Exercise description
Return the records exactly as they are.

[[ Listed records, beginning ]]

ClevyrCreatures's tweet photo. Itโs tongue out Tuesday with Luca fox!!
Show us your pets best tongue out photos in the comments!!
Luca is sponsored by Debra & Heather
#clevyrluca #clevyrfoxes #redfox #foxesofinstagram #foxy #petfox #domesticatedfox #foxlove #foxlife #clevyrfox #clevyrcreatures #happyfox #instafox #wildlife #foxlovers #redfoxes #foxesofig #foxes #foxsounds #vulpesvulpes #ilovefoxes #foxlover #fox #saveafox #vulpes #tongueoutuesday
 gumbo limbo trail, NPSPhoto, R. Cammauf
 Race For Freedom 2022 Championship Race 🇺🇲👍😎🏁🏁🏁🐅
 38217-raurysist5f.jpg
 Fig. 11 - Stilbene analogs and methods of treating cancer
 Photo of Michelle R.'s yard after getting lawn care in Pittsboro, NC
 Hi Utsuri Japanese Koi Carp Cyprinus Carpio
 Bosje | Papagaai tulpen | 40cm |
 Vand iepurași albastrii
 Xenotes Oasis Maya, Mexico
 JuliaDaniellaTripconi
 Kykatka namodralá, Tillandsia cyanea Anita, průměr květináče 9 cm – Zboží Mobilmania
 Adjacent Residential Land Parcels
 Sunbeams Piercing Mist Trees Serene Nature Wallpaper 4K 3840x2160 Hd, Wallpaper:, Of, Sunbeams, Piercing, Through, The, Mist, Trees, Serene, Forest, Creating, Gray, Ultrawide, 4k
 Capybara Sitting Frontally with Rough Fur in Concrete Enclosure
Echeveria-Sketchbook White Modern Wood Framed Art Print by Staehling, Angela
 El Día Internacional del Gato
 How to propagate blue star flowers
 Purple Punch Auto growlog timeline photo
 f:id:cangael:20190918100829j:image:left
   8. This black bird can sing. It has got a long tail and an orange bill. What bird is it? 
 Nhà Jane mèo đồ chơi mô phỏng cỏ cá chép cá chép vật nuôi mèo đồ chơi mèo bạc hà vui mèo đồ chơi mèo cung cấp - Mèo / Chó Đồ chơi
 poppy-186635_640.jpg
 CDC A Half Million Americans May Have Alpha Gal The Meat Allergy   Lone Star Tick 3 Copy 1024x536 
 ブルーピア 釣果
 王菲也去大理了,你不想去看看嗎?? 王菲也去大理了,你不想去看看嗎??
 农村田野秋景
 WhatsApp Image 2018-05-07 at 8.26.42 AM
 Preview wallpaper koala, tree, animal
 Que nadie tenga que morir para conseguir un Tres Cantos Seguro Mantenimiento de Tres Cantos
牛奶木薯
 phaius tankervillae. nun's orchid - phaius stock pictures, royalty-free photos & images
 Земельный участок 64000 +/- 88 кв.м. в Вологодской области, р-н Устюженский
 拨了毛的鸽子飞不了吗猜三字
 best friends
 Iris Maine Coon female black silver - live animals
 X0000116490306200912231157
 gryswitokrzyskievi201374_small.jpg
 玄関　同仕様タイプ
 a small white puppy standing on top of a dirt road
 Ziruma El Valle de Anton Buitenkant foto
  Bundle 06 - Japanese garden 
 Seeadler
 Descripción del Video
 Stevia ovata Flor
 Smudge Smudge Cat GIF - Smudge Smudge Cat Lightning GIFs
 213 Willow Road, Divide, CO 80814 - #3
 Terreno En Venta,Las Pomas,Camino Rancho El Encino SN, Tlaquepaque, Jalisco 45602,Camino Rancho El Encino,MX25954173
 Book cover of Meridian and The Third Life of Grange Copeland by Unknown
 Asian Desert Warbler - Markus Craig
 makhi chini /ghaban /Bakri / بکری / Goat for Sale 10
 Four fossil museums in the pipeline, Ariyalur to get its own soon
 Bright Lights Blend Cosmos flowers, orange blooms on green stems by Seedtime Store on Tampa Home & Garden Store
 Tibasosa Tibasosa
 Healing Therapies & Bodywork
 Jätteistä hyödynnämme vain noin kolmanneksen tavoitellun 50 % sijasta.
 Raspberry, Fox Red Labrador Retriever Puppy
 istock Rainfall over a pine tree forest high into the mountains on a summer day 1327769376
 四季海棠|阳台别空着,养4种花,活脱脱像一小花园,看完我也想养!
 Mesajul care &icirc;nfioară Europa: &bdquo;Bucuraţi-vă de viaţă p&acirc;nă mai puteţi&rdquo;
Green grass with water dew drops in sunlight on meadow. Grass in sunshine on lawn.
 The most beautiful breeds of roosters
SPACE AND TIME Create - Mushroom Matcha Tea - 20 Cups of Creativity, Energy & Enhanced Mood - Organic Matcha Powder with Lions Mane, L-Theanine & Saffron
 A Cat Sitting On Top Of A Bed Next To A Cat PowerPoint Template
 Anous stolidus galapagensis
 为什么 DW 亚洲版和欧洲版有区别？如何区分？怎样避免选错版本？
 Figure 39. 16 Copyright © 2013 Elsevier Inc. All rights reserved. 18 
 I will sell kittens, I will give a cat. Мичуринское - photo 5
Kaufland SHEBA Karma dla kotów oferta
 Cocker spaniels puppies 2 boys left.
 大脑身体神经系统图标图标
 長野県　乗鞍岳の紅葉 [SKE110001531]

[[ Listed records, end ]]

Exercise result
ClevyrCreatures's tweet photo. Itโs tongue out Tuesday with Luca fox!!
Show us your pets best tongue out photos in the comments!!
Luca is sponsored by Debra & Heather
#clevyrluca #clevyrfoxes #redfox #foxesofinstagram #foxy #petfox #domesticatedfox #foxlove #foxlife #clevyrfox #clevyrcreatures #happyfox #instafox #wildlife #foxlovers #redfoxes #foxesofig #foxes #foxsounds #vulpesvulpes #ilovefoxes #foxlover #fox #saveafox #vulpes #tongueoutuesday
 gumbo limbo trail, NPSPhoto, R. Cammauf
 Race For Freedom 2022 Championship Race 🇺🇲👍😎🏁🏁🏁🐅
 38217-raurysist5f.jpg
 Fig. 11 - Stilbene analogs and methods of treating cancer
 Photo of Michelle R.'s yard after getting lawn care in Pittsboro, NC
 Hi Utsuri Japanese Koi Carp Cyprinus Carpio
 Bosje | Papagaai tulpen | 40cm |
 Vand iepurași albastrii
 Xenotes Oasis Maya, Mexico
 JuliaDaniellaTripconi
 Kykatka namodralá, Tillandsia cyanea Anita, průměr květináče 9 cm – Zboží Mobilmania
 Adjacent Residential Land Parcels
 Sunbeams Piercing Mist Trees Serene Nature Wallpaper 4K 3840x2160 Hd, Wallpaper:, Of, Sunbeams, Piercing, Through, The, Mist, Trees, Serene, Forest, Creating, Gray, Ultrawide, 4k
 Capybara Sitting Frontally with Rough Fur in Concrete Enclosure
Echeveria-Sketchbook White Modern Wood Framed Art Print by Staehling, Angela
 El Día Internacional del Gato
 How to propagate blue star flowers
 Purple Punch Auto growlog timeline photo
 f:id:cangael:20190918100829j:image:left
   8. This black bird can sing. It has got a long tail and an orange bill. What bird is it? 
 Nhà Jane mèo đồ chơi mô phỏng cỏ cá chép cá chép vật nuôi mèo đồ chơi mèo bạc hà vui mèo đồ chơi mèo cung cấp - Mèo / Chó Đồ chơi
 poppy-186635_640.jpg
 CDC A Half Million Americans May Have Alpha Gal The Meat Allergy   Lone Star Tick 3 Copy 1024x536 
 ブルーピア 釣果
 王菲也去大理了,你不想去看看嗎?? 王菲也去大理了,你不想去看看嗎??
 农村田野秋景
 WhatsApp Image 2018-05-07 at 8.26.42 AM
 Preview wallpaper koala, tree, animal
 Que nadie tenga que morir para conseguir un Tres Cantos Seguro Mantenimiento de Tres Cantos
牛奶木薯
 phaius tankervillae. nun's orchid - phaius stock pictures, royalty-free photos & images
 Земельный участок 64000 +/- 88 кв.м. в Вологодской области, р-н Устюженский
 拨了毛的鸽子飞不了吗猜三字
 best friends
 Iris Maine Coon female black silver - live animals
 X0000116490306200912231157
 gryswitokrzyskievi201374_small.jpg
 玄関　同仕様タイプ
 a small white puppy standing on top of a dirt road
 Ziruma El Valle de Anton Buitenkant foto
  Bundle 06 - Japanese garden 
 Seeadler
 Descripción del Video
 Stevia ovata Flor
 Smudge Smudge Cat GIF - Smudge Smudge Cat Lightning GIFs
 213 Willow Road, Divide, CO 80814 - #3
 Terreno En Venta,Las Pomas,Camino Rancho El Encino SN, Tlaquepaque, Jalisco 45602,Camino Rancho El Encino,MX25954173
 Book cover of Meridian and The Third Life of Grange Copeland by Unknown
 Asian Desert Warbler - Markus Craig
 makhi chini /ghaban /Bakri / بکری / Goat for Sale 10
 Four fossil museums in the pipeline, Ariyalur to get its own soon
 Bright Lights Blend Cosmos flowers, orange blooms on green stems by Seedtime Store on Tampa Home & Garden Store
 Tibasosa Tibasosa
 Healing Therapies & Bodywork
 Jätteistä hyödynnämme vain noin kolmanneksen tavoitellun 50 % sijasta.
 Raspberry, Fox Red Labrador Retriever Puppy
 istock Rainfall over a pine tree forest high into the mountains on a summer day 1327769376
 四季海棠|阳台别空着,养4种花,活脱脱像一小花园,看完我也想养!
 Mesajul care &icirc;nfioară Europa: &bdquo;Bucuraţi-vă de viaţă p&acirc;nă mai puteţi&rdquo;
Green grass with water dew drops in sunlight on meadow. Grass in sunshine on lawn.
 The most beautiful breeds of roosters
SPACE AND TIME Create - Mushroom Matcha Tea - 20 Cups of Creativity, Energy & Enhanced Mood - Organic Matcha Powder with Lions Mane, L-Theanine & Saffron
 A Cat Sitting On Top Of A Bed Next To A Cat PowerPoint Template
 Anous stolidus galapagensis
 为什么 DW 亚洲版和欧洲版有区别？如何区分？怎样避免选错版本？
 Figure 39. 16 Copyright © 2013 Elsevier Inc. All rights reserved. 18 
 I will sell kittens, I will give a cat. Мичуринское - photo 5
Kaufland SHEBA Karma dla kotów oferta
 Cocker spaniels puppies 2 boys left.
 大脑身体神经系统图标图标
 長野県　乗鞍岳の紅葉 [SKE110001531]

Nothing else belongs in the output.